Updates the data array using the gradient and the update rule.

This method updates the parameter using the attached update rule.

zerograd()[source]
__eq__(other)[source]
__ne__(other)[source]
__lt__(other)[source]
__le__(other)[source]
__gt__(other)[source]
__ge__(other)[source]
__nonzero__()[source]
__bool__()[source]

Attributes

T

Transposition of this variable.

array

The underlying data array.

It is either numpy.ndarray or cupy.ndarray object, or None if the variable in in an uninitialized state.

creator

Function implementation that created this variable.

When this variable has been created by an old-style function (i.e., it is implemented as a subclass of Function), this property returns that Function object.

When this variable has been created by a new-style function (i.e., it is implemented as a subclass of FunctionNode class), this property returns that node object.

creator_node

FunctionNode object that created this variable.

This property has a setter to which None can be set. Setting None to this property is equivalent to call unchain(); it purges the variable from the function that created this variable.

The setter also accepts the original FunctionNode object that created this variable. For example, you can once set None to this property and then set the original value again.

Note

Setting an irrelevant FunctionNode() object does not emit any error immediately, whereas the behavior is undefined. Do not set a FunctionNode() object that did not create this variable object.

data

The underlying data array (equivalent to array).

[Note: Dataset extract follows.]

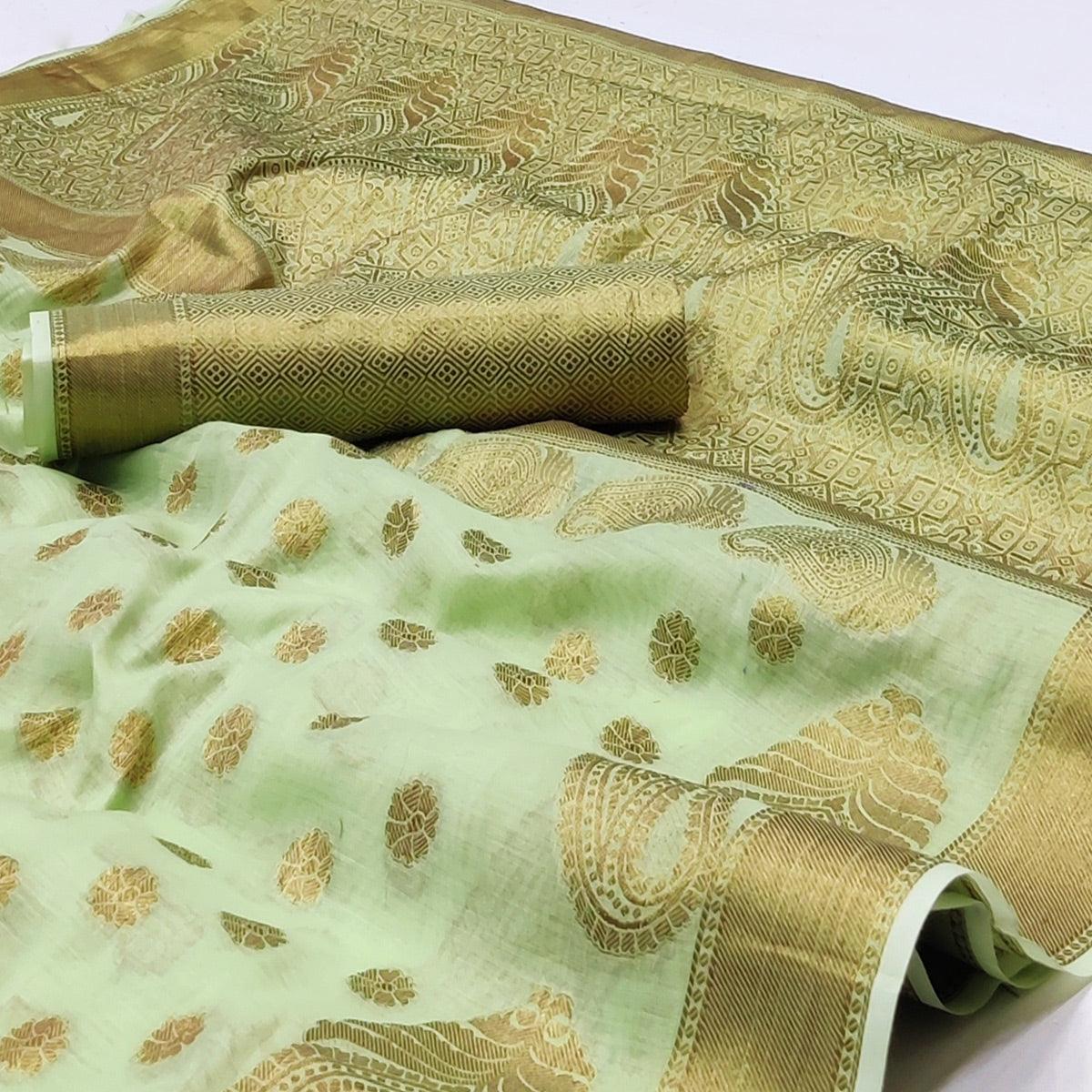 Pista Green Woven Poly Cotton Saree - Peachmode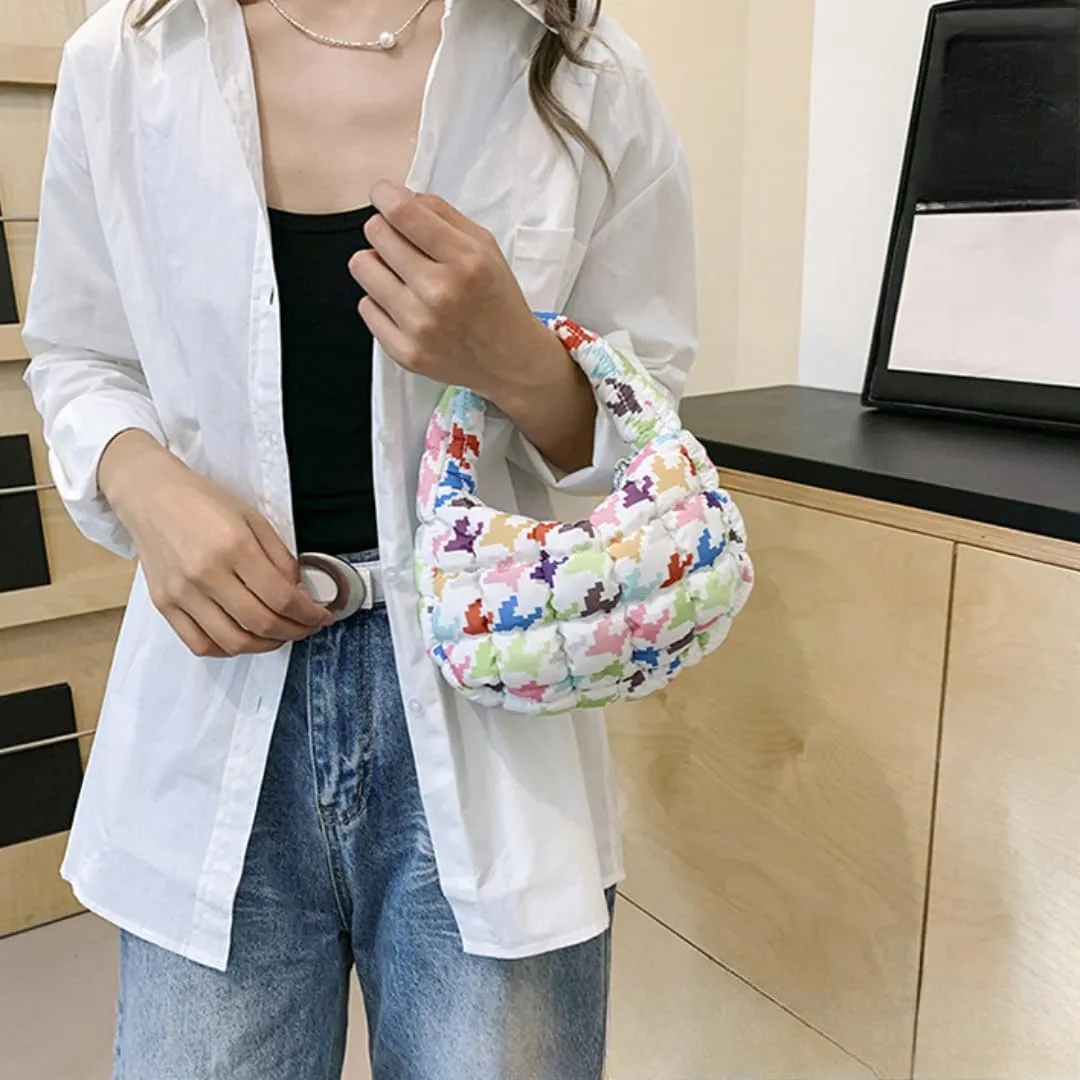 Quilted Puffer Tote Bag Mini Handbag Puffer Puff Bag Puffy Nylon Bag Lightweight Carryall Bag Puffy Purses for Women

Note that using this attribute directly is discouraged; use array instead. Using array, you can find an error earlier when your code mixes up Variable and ndarray because ndarray does not have an attribute .array while it has .data.

dtype
grad

Gradient array of this variable.

Note that this property returns the underlying array of the gradient variable instead of the gradient variable itself; to get/set gradient variable, use grad_var instead.

grad_var

Gradient variable.

initializer = None
label

Short text that represents the variable.

name
ndim
node
rank
requires_grad

It indicates that grad will be set in backward calculation.